Ad affermare che le possibili ‘firme’ della vita osservate allora non sono attendibili è la ricerca pubblicata su The Astrophysical Journal Letters dal gruppo dell’Università California a Riverside coordinato da Shang-Min Tsai, basata sulle osservazioni fatte dal telescopio spaziale James Webb.
Da tempo K2-18b, un pianeta con una massa 8.6 volte quella della Terra in orbita attorno a una nana fredda, è considerato uno dei candidati più interessanti per la ricerca di vita aliena perché si trova nella cosiddetta fascia di abitabilità, a una distanza dalla sua stella tale da avere una temperatura ‘accettabile’, e perché ha vasti oceani di acqua.
Recenti osservazioni del telescopio spaziale Webb, in particolare quelle pubblicate a novembre 2023, avevano attirato l’attenzione perché avevano identificato la presenza nell’atmosfera di dimetilsolfuro, una molecola che sulla Terra è prodotta dal fitoplancton oceanico. Una delle grandi capacità del nuovo telescopio spaziale è infatti quella di poter analizzare la composizione chimica dell’atmosfera di pianeti lontanissimi, e il segnale in arrivo da K2-18b era molto debole e discontinuo.

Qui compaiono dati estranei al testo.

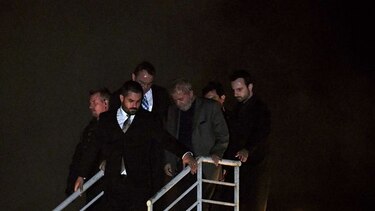 Expresidente Lula da Silva pasa su primera noche en prisión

I ricercatori hanno fatto quindi una serie di simulazioni per capire se il segnale, che in caso positivo sarebbe stato oggettivamente un indicatore molto importante di vita aliena, potesse essere frutto di un qualche abbaglio. I risultati non hanno lasciato molte speranze perché “il segnale – ha detto Shang-Min Tsai – si sovrappone fortemente a quello del metano e riteniamo che distinguere il dimetilsolfuro dal metano vada oltre le capacità di questo strumento”.